In a report published in April 2014, titled A Dangerous Diversion, Oxfam and the Lesotho Consumer Protection Association (LCPA) said the running and loan costs of the then three-year-old hospital complex had blown out to $67 million a year – or 51 percent of Lesotho’s health budget.
The Oxfam report was sharply critical of the International Finance Corporation (IFC), the private sector arm of the World Bank, which advised Lesotho on the deal and promoted it as a flagship model to be replicated across the continent.
The report says the IFC has acted irresponsibly, “both in terms of its role as a transaction adviser to the government of Lesotho and in its marketing of the Lesotho health PPP as a successful model for other low-income countries to replicate”.
The IFC reportedly received a fee of US$723,000 (about M10 million) for its work on the deal.
In 2016 the World Bank acknowledged that Tšepong had become “a considerable financial burden for the government of Lesotho” but said through the hospital and its filter clinics, the ministry of health was providing better quality health care.
“It is achieving better health outcomes for a larger number of patients, including providing more advanced medical technologies than were previously available in Lesotho”, it said.
The Eurodad report gives an in-depth, evidence-based analysis of the impact of 10 PPP projects including Tšepong that have taken place across four continents, in both developed and developing countries.
Eurodad said these case studies build on research conducted by civil society experts in recent years and have been written by the people who often work with and around the communities affected by these projects.
“All 10 projects came with a high cost for the public purse, an excessive level of risk for the public sector and, therefore, a heavy burden for citizens.
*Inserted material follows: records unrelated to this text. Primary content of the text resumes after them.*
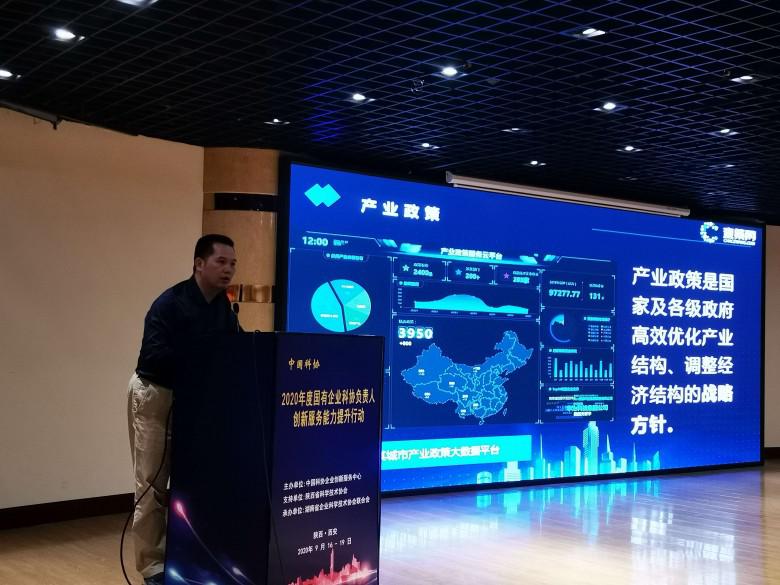 南方企业新闻网 要闻 经营快讯 正文内容 陕西省科协二级巡视员温国伟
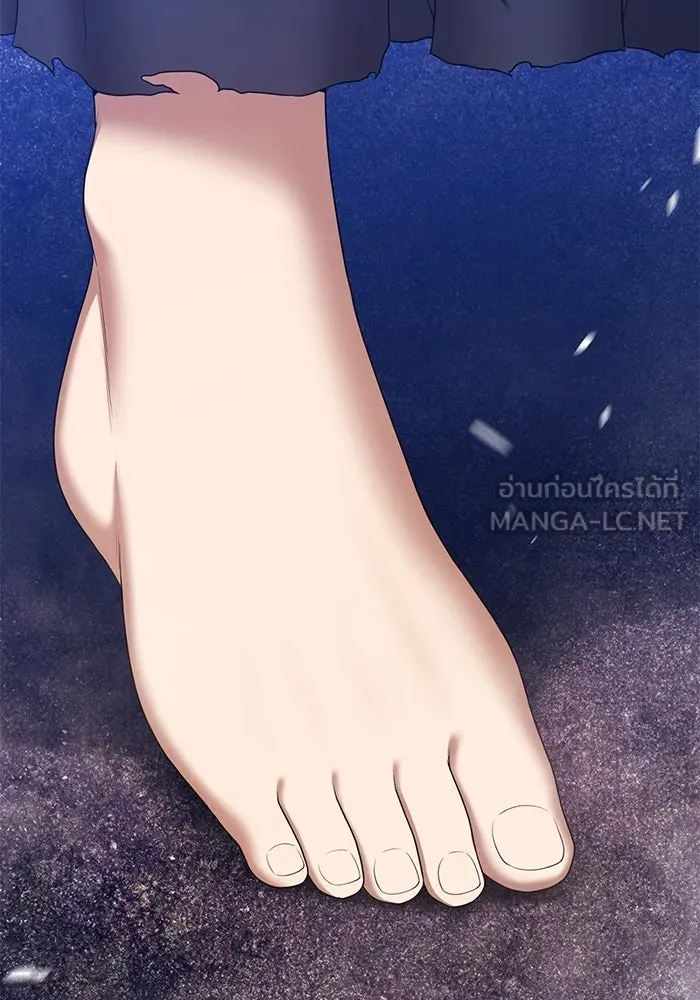 +99 ท่อนไม้พร้อมบวก ตอนที่ 10 มังกรเรียกหากายาร์โด (1) รูปที่ 45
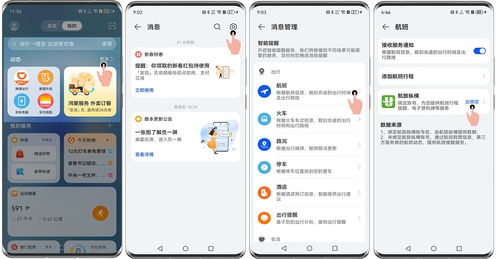 华为电脑进程怎么查看(华为电脑进程查看详解,轻松掌握电脑运行状态) 华为电脑进程怎么查看(华为电脑进程查看详解,轻松掌握电脑运行状态)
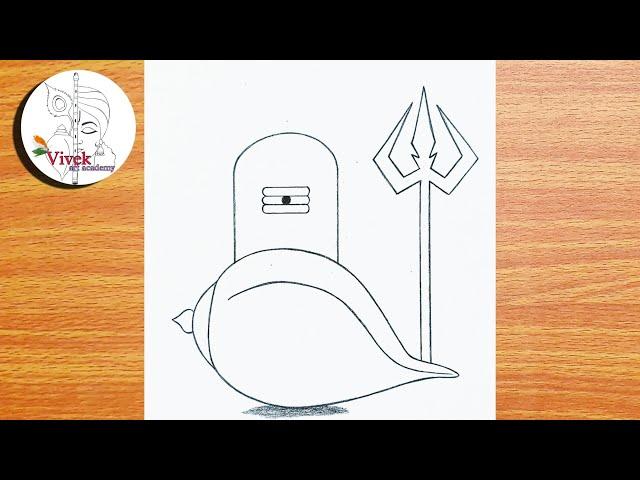 Pencil Drawing Shivling Easy | God Drawing | How to Draw Shivling and Trishul of Mahadev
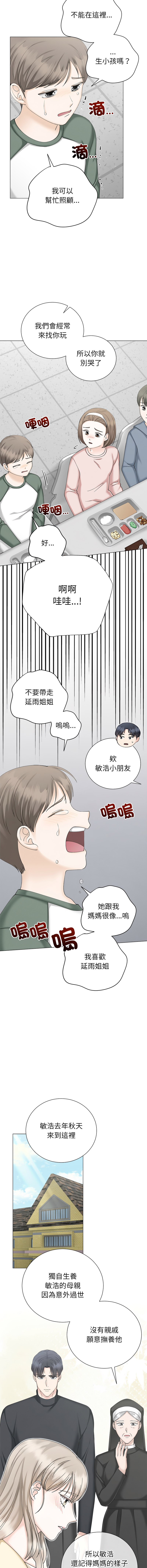 [韩国漫画] 紧紧相依的心 剧情,巨乳大奶,青年,职场#[15P]-9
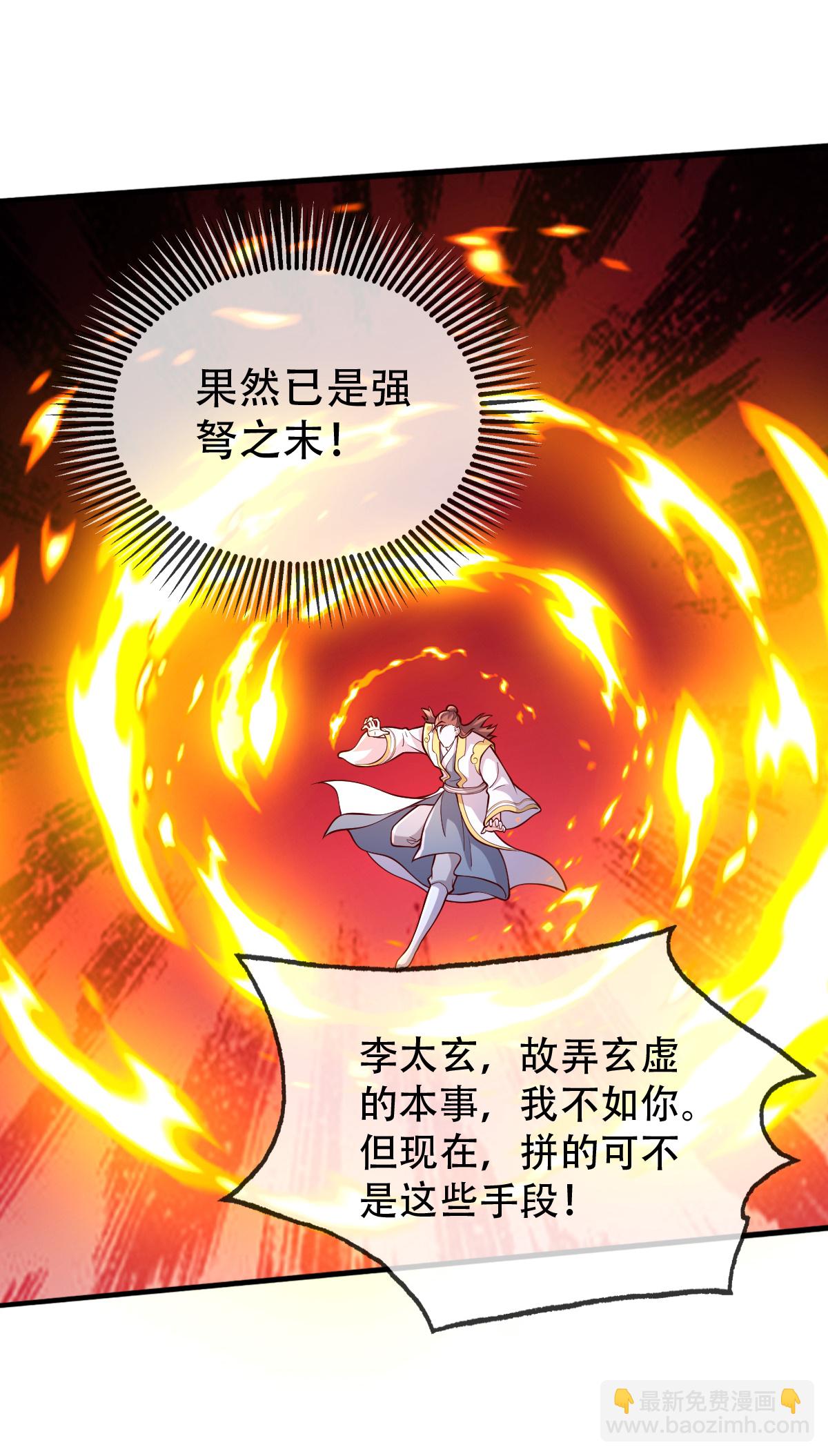 🍘我是大仙尊 第708话 第11页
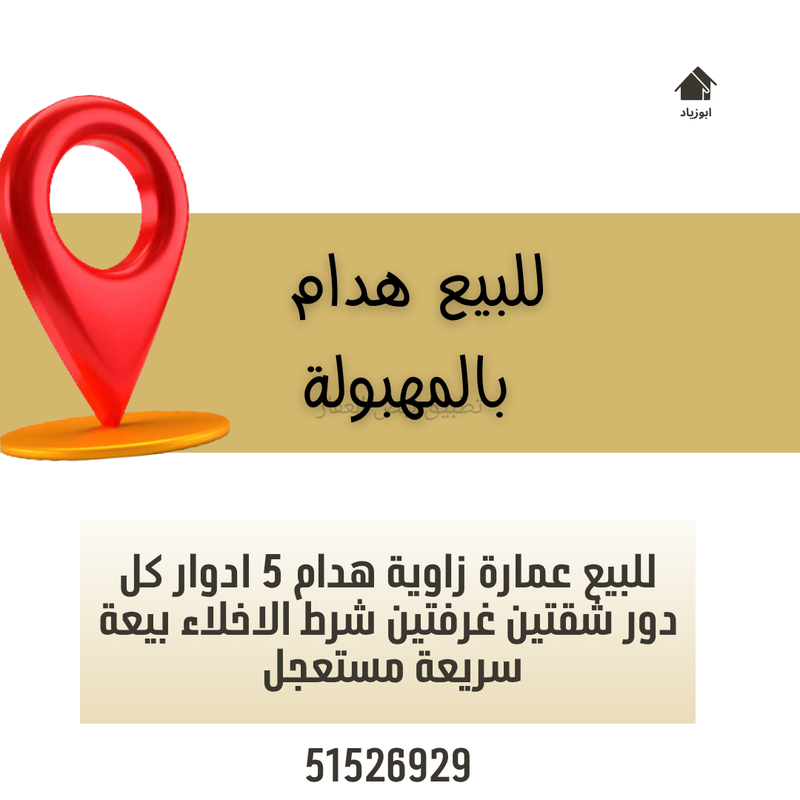 صورة عمارة للبيع في المهبولة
For example, the Queen Mamohato Hospital in Lesotho has had significant adverse and unpredictable financial consequences on public funds,” reads the report.
It adds that the latest figures suggest that in 2016, the private partner Tsepong “invoiced fees amounted to two times the affordability threshold set by the government and the World Bank at the outset of the PPP”.
Contributing factors to cost escalation, according to the report, included “flawed indexation” of the annual fee paid by the government to Tsepong (unitary fee) and “poor forecasting”.
The unitary fee covers the care and treatment for a maximum of 20,000 inpatients and 310,000 outpatients.
Any patients serviced in excess of these numbers leads to higher payments.
The volume of patients has significantly exceeded these parameters in every year of the contract’s operation, Eurodad said.
It said the charges for excess patients now make up 19 percent of Tsepong’s fees charged.
In March this year, Deputy Prime Minister Monyane Moleleki said government owed Tsepong M400 million for excess patients.
Eurodad also found that five of the 10 PPPs reviewed impacted negatively on the poor, and contributed to an increase in the divide between rich and poor.
For instance, it said, in the case of Tsepong, the increasing and inflexible cost of the PPP hospital compromised necessary investment in primary and secondary healthcare in rural areas where mortality rates are rising and where three-quarters of the population live.
It said while the hospital cannot be blamed for some of the long-term structural constraints to progress in the country, including “poor management and budgeting, and the unequal distribution of human resources”, the cost and the inflexibility of the hospital “significantly curtails the ability of the government to invest where need is greatest”.